Adding Pizzazz to Vacation Shots
Whoever said "Getting there is half the fun" must not have been a photographer. You can bet you life he never carried two or three cameras, four or five lenses, a light meter, a tripod, and a dozen rolls of film-all while juggling a baby, diaper bag, and airplane tickets in one hand.
Ahh, but getting those once-in-a-lifetime vacation shots needn't be all that much hassle. As with most things in life, photography-on-the-go gets easier with actice. Still, there are a few tips you can follow to help make the task a little easier-and a lot more fun.
Before beginning your trip, make sure you're familiar with all of your photo equipment. Read all of the instruction manuals carefully and practice loading, unloading, and shooting. Take a roll or two before you begin your trip to assure that both you and your camera are functioning properly. Take a few electronic flash shots, too, to be certain your flash unit is functioning properly.
If it's been a year or longer since the camera battery was replace, change it. There's no sense running the risk of having your camera shut down miles from the nearest photo store. And bring along an extra set of flash batteries, to--just in case the originals decide to run low when you need them the most.
Carry a wide variety of film on your trip, too, including a few extremely fast rolls with an ISO rating of from 1,000 to 1,600 for shooting in really low light. They'll enable you to photograph at shutter speeds fast enough to eliminate the need for a tripod. Also, many photographers like to bring a second camera along with them on trips. Two cameras are better than one for a number of reasons. Should one camera malfunction or be damaged in transit, you'll always have a spare to back you up.

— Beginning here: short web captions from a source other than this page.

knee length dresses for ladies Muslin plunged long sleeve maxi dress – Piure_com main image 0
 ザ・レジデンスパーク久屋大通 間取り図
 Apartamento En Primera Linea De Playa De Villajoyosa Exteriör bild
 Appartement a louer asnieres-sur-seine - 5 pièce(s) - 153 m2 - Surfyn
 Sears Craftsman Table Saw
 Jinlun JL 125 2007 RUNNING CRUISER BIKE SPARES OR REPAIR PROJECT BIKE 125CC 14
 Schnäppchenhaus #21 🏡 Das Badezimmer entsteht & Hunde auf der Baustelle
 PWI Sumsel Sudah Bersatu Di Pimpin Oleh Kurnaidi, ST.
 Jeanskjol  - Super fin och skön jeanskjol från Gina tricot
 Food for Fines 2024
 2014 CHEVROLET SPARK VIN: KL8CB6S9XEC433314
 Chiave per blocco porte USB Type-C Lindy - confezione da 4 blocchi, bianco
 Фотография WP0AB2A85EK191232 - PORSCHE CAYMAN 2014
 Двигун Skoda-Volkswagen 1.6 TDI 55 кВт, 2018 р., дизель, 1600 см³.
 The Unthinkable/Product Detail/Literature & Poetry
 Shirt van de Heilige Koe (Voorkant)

And you'll take more photos from more points of view if a second photographer in the family is busy shooting away at your side. No two people see a subject the same way. A second perspective will lead to fresh new insights on your subjects. And don't discount the kids, who are capable of taking some pretty good photographs of their own-especially with today's easy-to-use auto-everything cameras. You'll be ensuring your success, doubling your photographic coverage, and spreading the job of photography around by letting others in the shooting. And, finally, never send unprocessed film through airport metal detectors, which can damage or even destroy the images. Instead, carry it in a see-through plastic bag and present it to the security attendant for hand inspection.
Here are a few more tips to help you take better vacation shots. Look for unusual settings. Offbeat subjects (like a close-up of the sun sparkling off a cluster of California grapes clinging to the vine) often make intriguing and visually stimulating variations to traditional people-and-place photos. Don't be afraid to leave the well-beaten paths to the other tourists while you set out to find the back alleys and little-traveled roads that may lead to fantastic photos. Just leave a trail of bread crumbs (or carry a local map) to find your way back.
Approach common subjects from an uncommon point of view. Everyone traveling through the American Southwest stops for a photo of the giant saguaro cactus. But not many take the shot from the ground looking up. That has the makings of a truly unusual and dramatic shot. You can achieve the same results with any tall subject-the Statue of Liberty, California's giant sequoias, etc.
Vary your camera angle. That's the angle from which you photograph a scene. Instead of standing on the roadside to photograph a country meadow and babbling brook, take off your shoes and socks and go wading. Stoop down for a shot of the stream from inches above its gurgling surface. The results are sure to be a pleaser!